## Exercise aim:
Would you copy, word for word, each line from the one with "Indecor Home Marble" to the end of the listing below, skipping all pictures?

## Records to use:
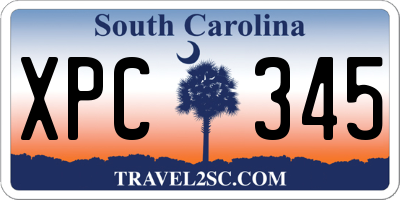 SC license plate XPC345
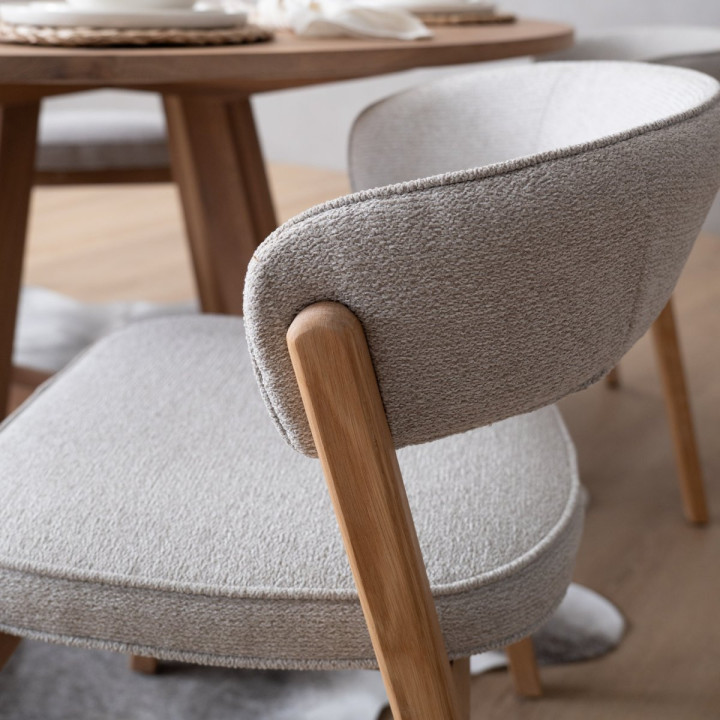 Lucian Fabric Dining Chair - Ivory - 3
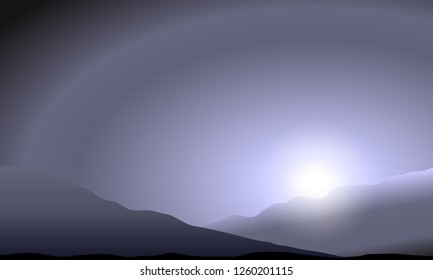 Martian sunset in the hills. Vector illustration.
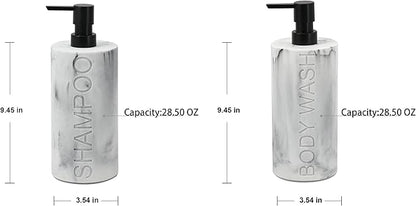 Indecor Home Marble Resin 2 Piece Shampoo and Body Wash Dispenser Set, Luxurious Refillable Pump Bottles with Matte Pump Top and Embossed Text, Durable Design for Bathroom and Shower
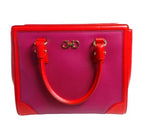 Ferragamo Beky Purple and Red Leather Tote/Shoulder Bag G328/01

## Answer section:
 Indecor Home Marble Resin 2 Piece Shampoo and Body Wash Dispenser Set, Luxurious Refillable Pump Bottles with Matte Pump Top and Embossed Text, Durable Design for Bathroom and Shower
 Ferragamo Beky Purple and Red Leather Tote/Shoulder Bag G328/01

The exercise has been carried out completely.